When Don Imus referred to the young women on the Rutgers University Basketball Team as “nappy headed-hos” a year ago, it deeply affected their coach, Vivian Stringer. As she relates in her heartbreaking autobiography, she “couldn’t shake the feeling that I had fallen down in my responsibility to protect these girls.”
So, a couple of weeks later, with the media fallout still building in intensity, she called a press conference and then a meeting with Imus in defense of her student athletes who should’ve been celebrated instead of humiliated after their surprising run to the NCAA Championship game. What almost nobody knew is that while Stringer was in the limelight last April, she was also privately ecovering from breast cancer at the time. On top of that, her mother suffered a stroke in the midst of the unfortunate controversy.

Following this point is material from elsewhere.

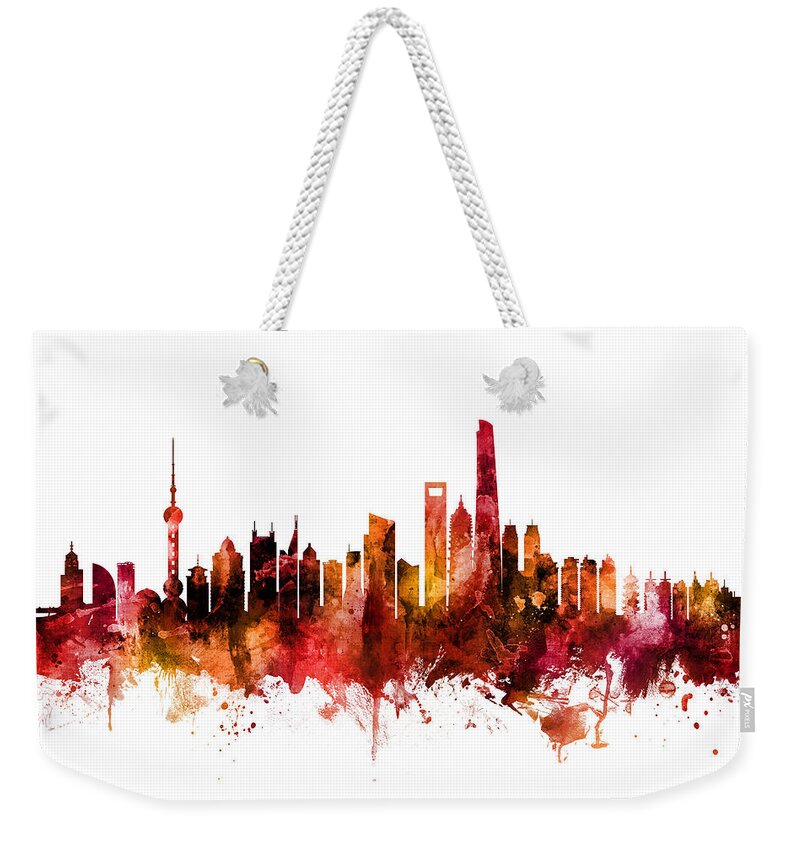 Shanghai Weekender Tote Bag featuring the digital art Shanghai China Skyline #8 by Michael Tompsett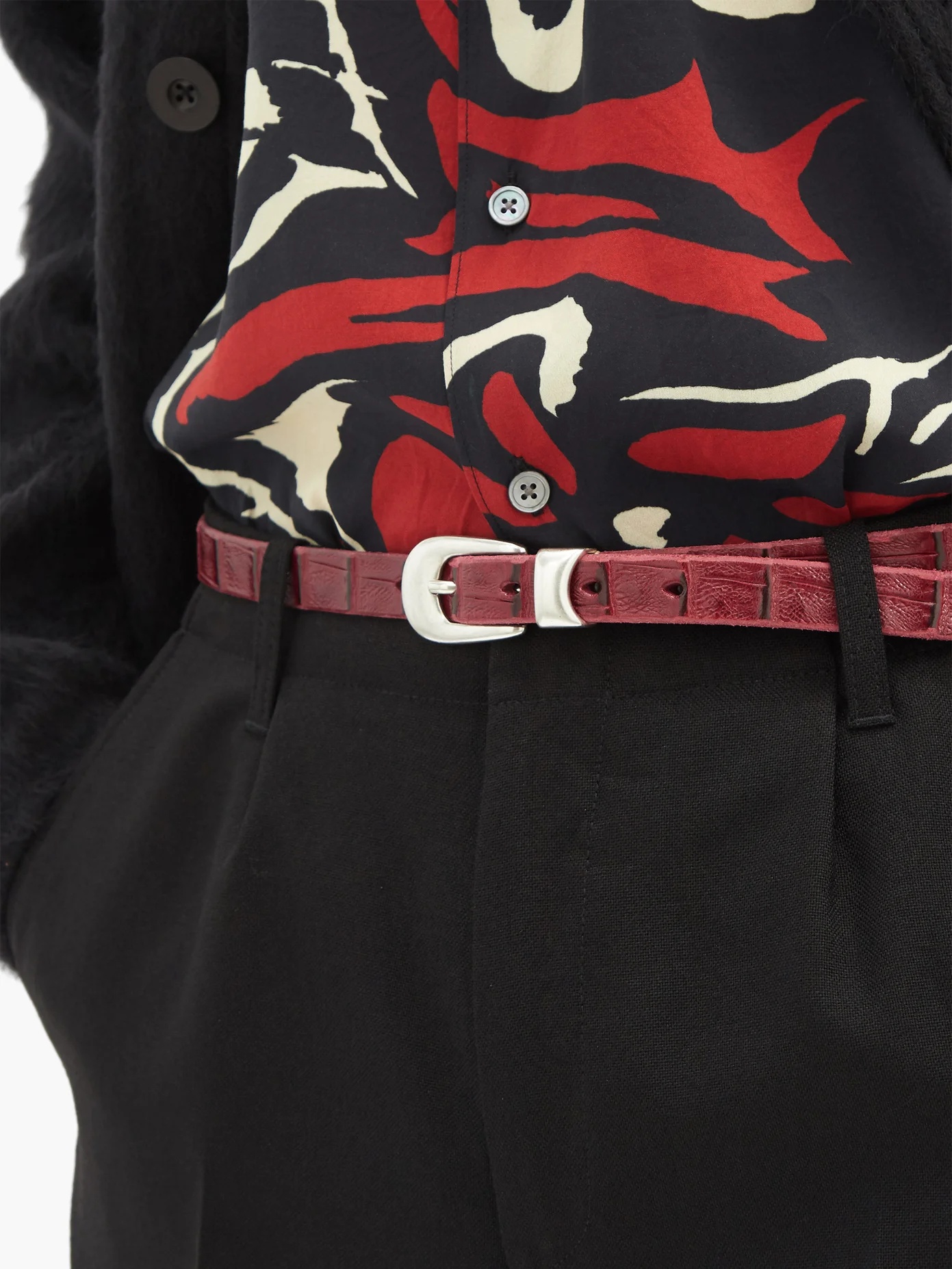 Crocodile-effect leather belt - 3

Sadly, this was not the first time that Coach Stringer had been tested in this fashion. In 1981, her one year-old daughter Nina’s spinal meningitis had been misdiagnosed by a pediatrician as a common cold. Consequently, the baby would never be able to walk or talk. Then, in her early forties, Stringer was widowed when her husband died unexpectedly, leaving her to raise their three kids alone.
These are just a few of the host of woes visited upon the legendary college coach over the course of a terribly tragic life marked by a seemingly neverending series of tests of faith which reads a lot like the Biblical tale of Job. Poignantly written without a whit of bitterness, Standing Tall is as moving a memoir as I ever remember reading. The tears started flowing from the first page and didn’t stop till I finished the book.
Priceless pearls of emotional wisdom from a real role model eminently worth emulating.